This week I reconsidered the foreign policy of America’s first born-again president and suggested how Christians can realize just how big the Christian world is. Elsewhere:
• Filed under the nothing-new-under-the-sun category… ongoing conservative attempts to ban critical race theory sounded to one historian of education a lot like the conservative agenda of the 1920s.
(Or is McCarthyism actually the more helpful historical analogue?)
• Having just published a biography of a supporter of white supremacy myself, I’m sympathetic to Allen Guelzo’s approach to writing about Robert E. Lee. But Guelzo loses me when interviewer Isaac Chotiner gets him to elaborate on his maladroit attempt to blame CRT on, um, Immanuel Kant.
• Christian nationalism — and conservative evangelical embrace of it — isn’t unique to the United States.

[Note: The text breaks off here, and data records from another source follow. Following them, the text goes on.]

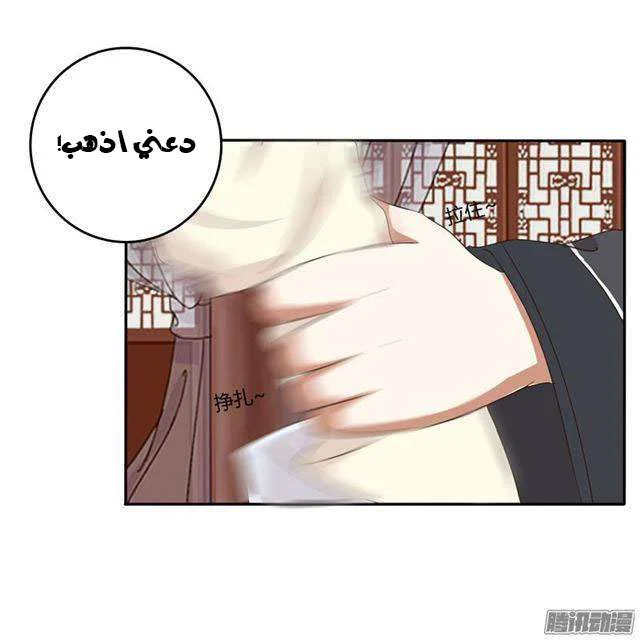 Read Tong ling fei AR Manga Online
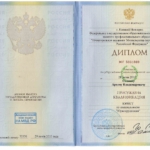 Диплом о высшем юридическом образовании - Скопин Артем Владимирович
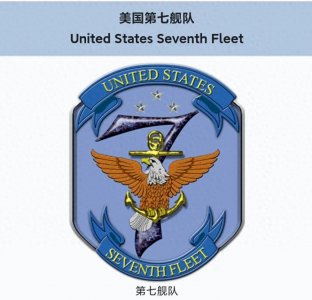 ​图解美国海军在亚太的海上哨兵——第七舰队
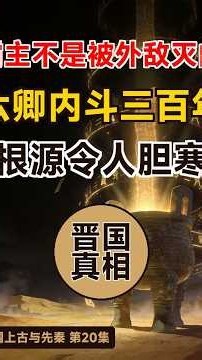 晋国为防篡位灭公族，反被六卿分尸 | 制度比野心更致命 | 先秦历史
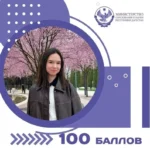Махачкалинцу незаконно выставили счёт за капремонт на сумму почти 60 тысяч рублей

• I’m thankful the New York Times gives a platform to evangelical writers as wise and winsome as Tish Harrison Warren (who suggested advice for practicing thankfulness) and Esau McCaulley (who reflected on what it’s like to grow up in poverty and then parent middle-class children).
• Kristin Du Mez argued that evangelicalism’s moderates bear some responsibility for enabling “the movement’s authoritarian tendencies.”
• The murderers of Ahmaud Arbery were found guilty, in a case that made one Christianity Today contributor think of the season of Advent.
• I’ve often used his paintings to illustrate lectures, but I didn’t realize the full story of Norman Rockwell’s mid-career shift from the Saturday Evening Post to Look magazine.

• Saving this for my sports history class next spring… why has the Women’s Tennis Association criticized the Chinese government so openly, when the International Olympic Committee, National Basketball Association, and other organizations have bent over backwards to avoid antagonizing that state?
• For the last two weeks of the semester, my capstone seminar students have to work together on a group project. As this Chronicle piece points out, students often have good reasons for disliking that kind of work — but it’s still important to a college education. (Fortunately, I’ve had twenty years to stumble into most of the recommended strategies.)
• What can conservatives, moderates, and progressives in higher ed agree about?